(DATA FOR ANALYSIS)

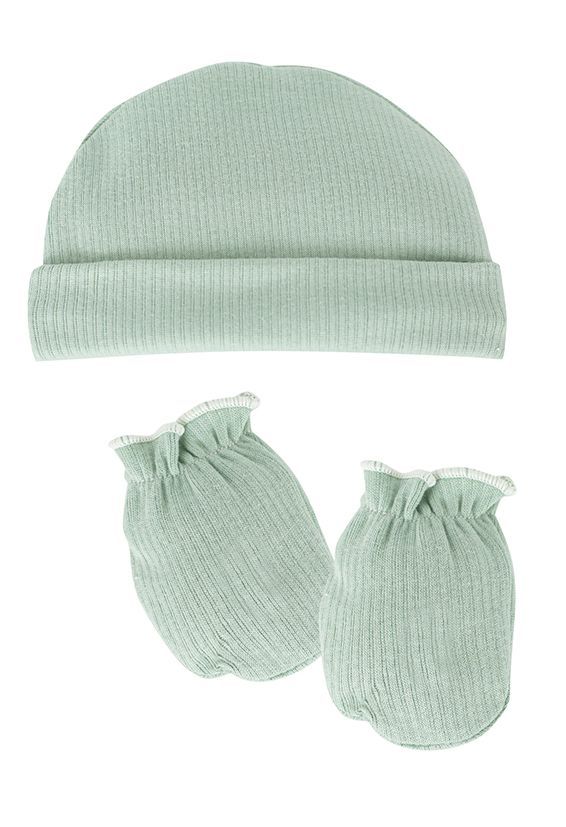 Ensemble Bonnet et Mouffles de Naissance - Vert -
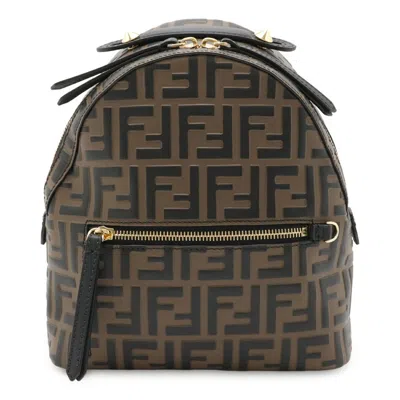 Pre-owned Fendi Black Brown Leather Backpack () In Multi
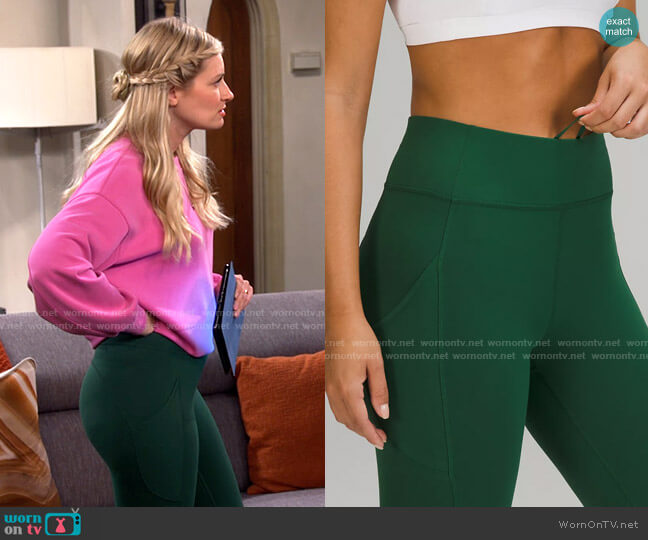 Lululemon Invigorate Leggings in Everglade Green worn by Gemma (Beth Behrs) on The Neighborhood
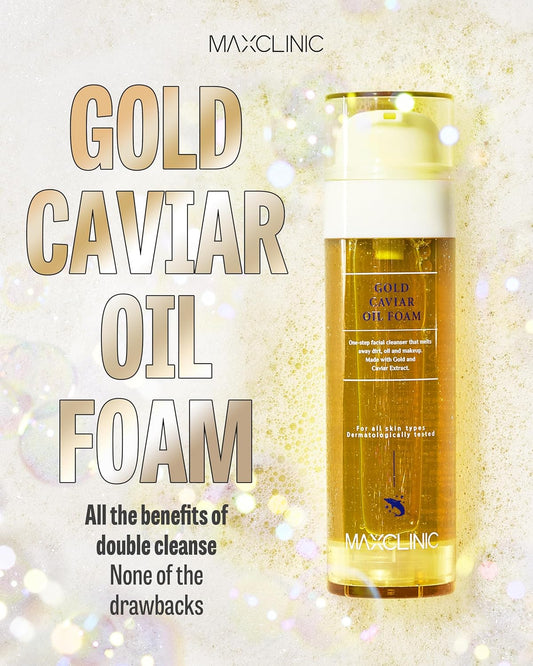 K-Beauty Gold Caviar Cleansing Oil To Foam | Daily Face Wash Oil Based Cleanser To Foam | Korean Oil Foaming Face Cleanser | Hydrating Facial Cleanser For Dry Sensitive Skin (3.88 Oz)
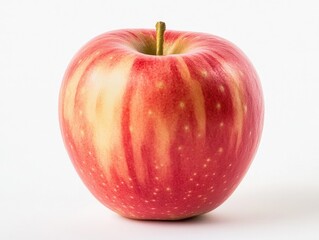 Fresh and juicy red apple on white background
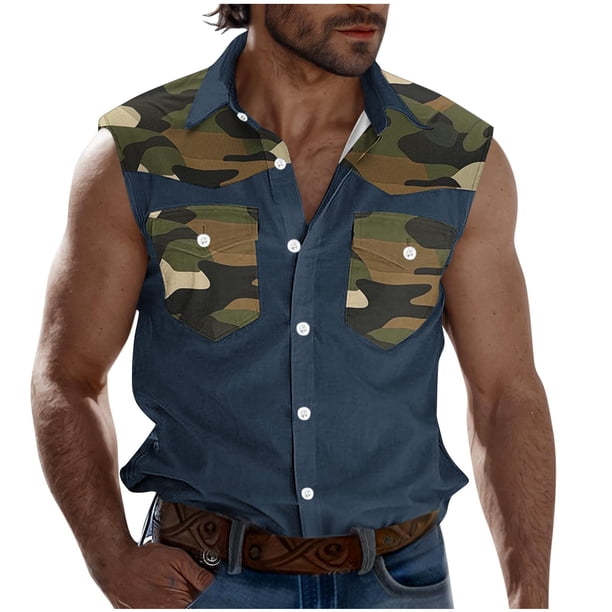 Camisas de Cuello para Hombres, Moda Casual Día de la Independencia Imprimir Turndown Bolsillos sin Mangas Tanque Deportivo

(End DATA FOR ANALYSIS)
(DATA FOR ANALYSIS)

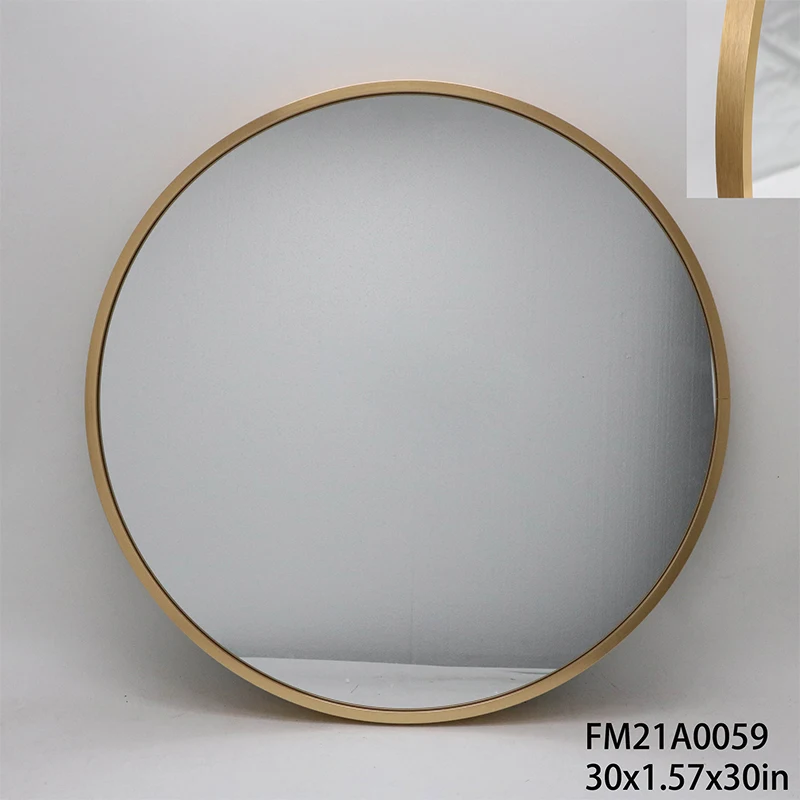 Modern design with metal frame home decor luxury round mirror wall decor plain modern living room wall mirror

(End DATA FOR ANALYSIS)
(DATA FOR ANALYSIS)

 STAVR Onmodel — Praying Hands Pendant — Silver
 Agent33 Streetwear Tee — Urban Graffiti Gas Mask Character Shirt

(End DATA FOR ANALYSIS)

=== WORK TO BE COMPLETED ===
Copy only what runs above from the line containing "K-Beauty Gold Caviar" through the line containing "Camisas de Cuello", exactly. Leave out the pictures.

=== YOUR SOLUTION ===
 K-Beauty Gold Caviar Cleansing Oil To Foam | Daily Face Wash Oil Based Cleanser To Foam | Korean Oil Foaming Face Cleanser | Hydrating Facial Cleanser For Dry Sensitive Skin (3.88 Oz)
 Fresh and juicy red apple on white background
 Camisas de Cuello para Hombres, Moda Casual Día de la Independencia Imprimir Turndown Bolsillos sin Mangas Tanque Deportivo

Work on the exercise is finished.